Now, researchers have captured new details about this mysterious star.

A cascading stellar event

When the merging happened, it produced one of the most spectacular images you can imagine. As the gases and dust traveled outward from the epicenter of the event, they scattered light from the explosion itself. The scattered light was then deflected by the molecular cloud, taking a little longer to reach us compared to the light coming directly to Earth — a phenomenon called a ‘light echo’.

After the stars merged, the remnant left behind is likely a red supergiant that’s dozens or even hundreds of times the size of the sun — big enough to fill Mars’s entire orbit. However, because the event took place very far away, it took years for us to observe the formation of ions from the dust ejected by the merger.
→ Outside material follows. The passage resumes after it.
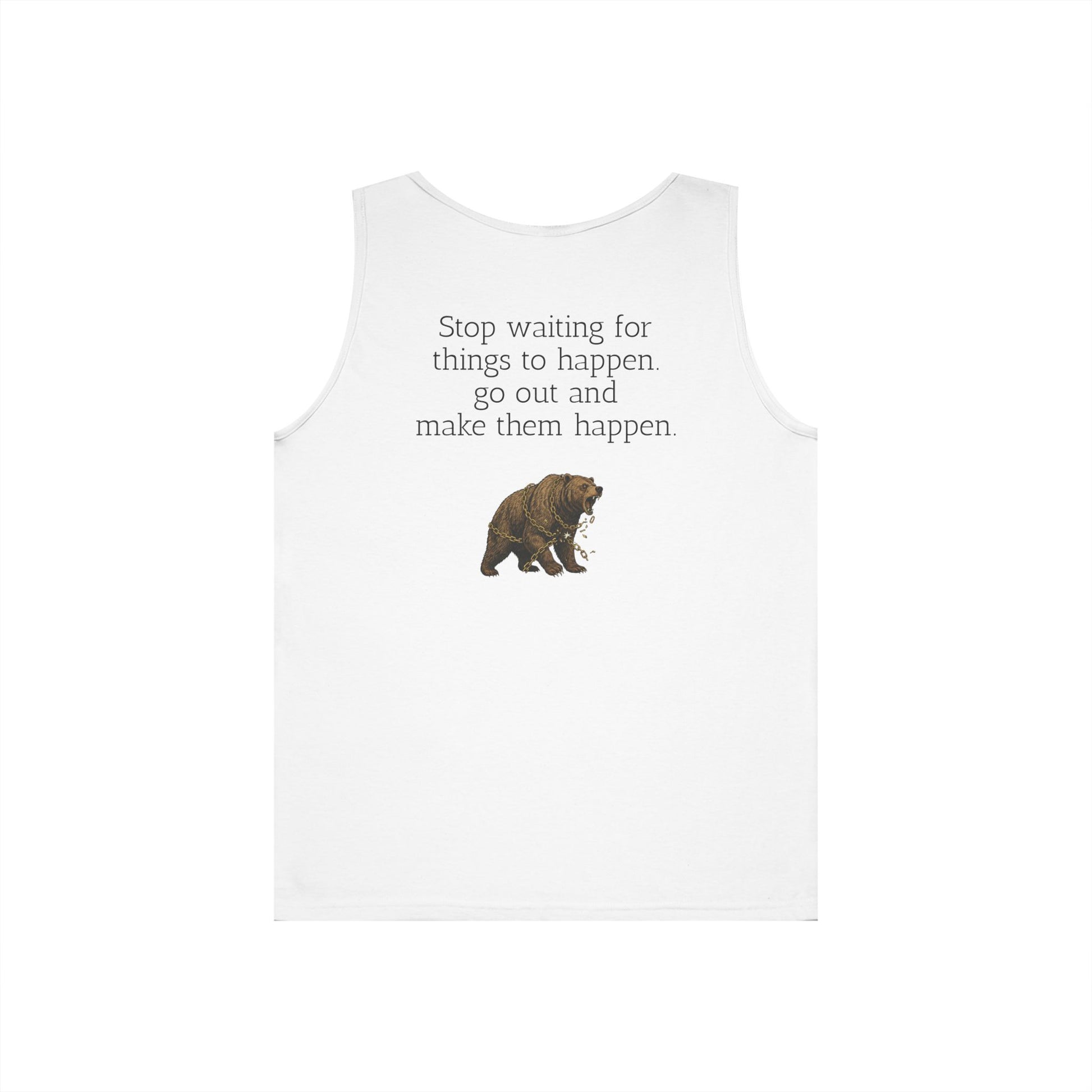 Outdoorsy Inspiration Cotton Tank Top - InspireWithPurpose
The ejected material expelled during the collision traveled through space and encountered another star in the system, a third companion B-type star – this one, in particular, is a BV3 star which is nearly 8 times more massive than the Sun.  
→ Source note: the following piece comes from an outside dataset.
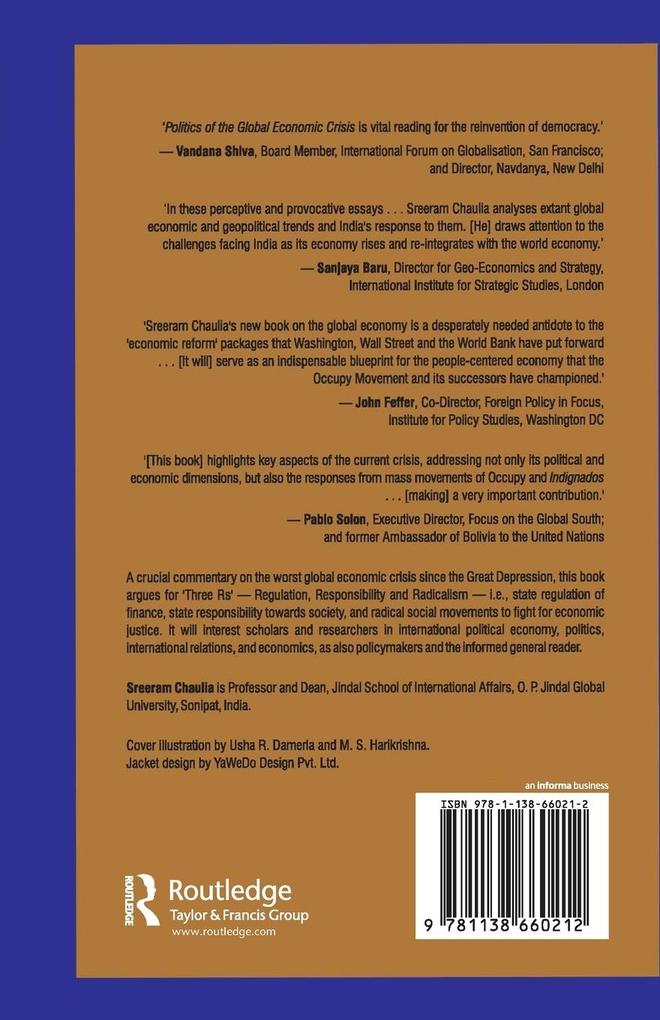 Weitere Ansicht: Politics of the Global Economic Crisis | Sreeram Chaulia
In a recent study, astronomers found direct evidence of this third star for the first time, 17 years after they observed the red nova going boom. They used observations from the Atacama Large Millimeter/submillimeter Array (ALMA) interferometer from 2019. ALMA’s data helps scientists ‘see’ what is happening in the system in terms of dust, gases, and gathers information about the stars themselves. When the material was close enough to the giant’s companion, it became ionized by the photons emitted from this star, and that helped the researchers to learn details about the B star.

Their results show that the B-star companion’ gravity pulls some of the gas away from us, making them appear redshifted. They also learned that this companion is embedded in the ejected cloud. It orbits its giant sibling over a 1000 year period from a distance greater than 230 times our distance from the Sun so that the gas only reached it 3 years after the nova event. 

Researchers have also learned that the molecular cloud is traveling at 200 km per second (approximately 124.3 miles per second). With the help of spectroscopy, scientists can determine the chemical composition of the cloud because it is the preferred absorption of radiation observed by ALMA’s instruments. It is made of carbon monoxide, silicon monoxide, sulfur monoxide, sulfur dioxide, and aluminum monohydroxide.

Future observations will provide more evidence of novas ejected material and their formation through mergers thanks to millimeter/submillimeter observations, something scientists didn’t have access to 20 years ago. 

The study was published at Astronomy & Astrophysics.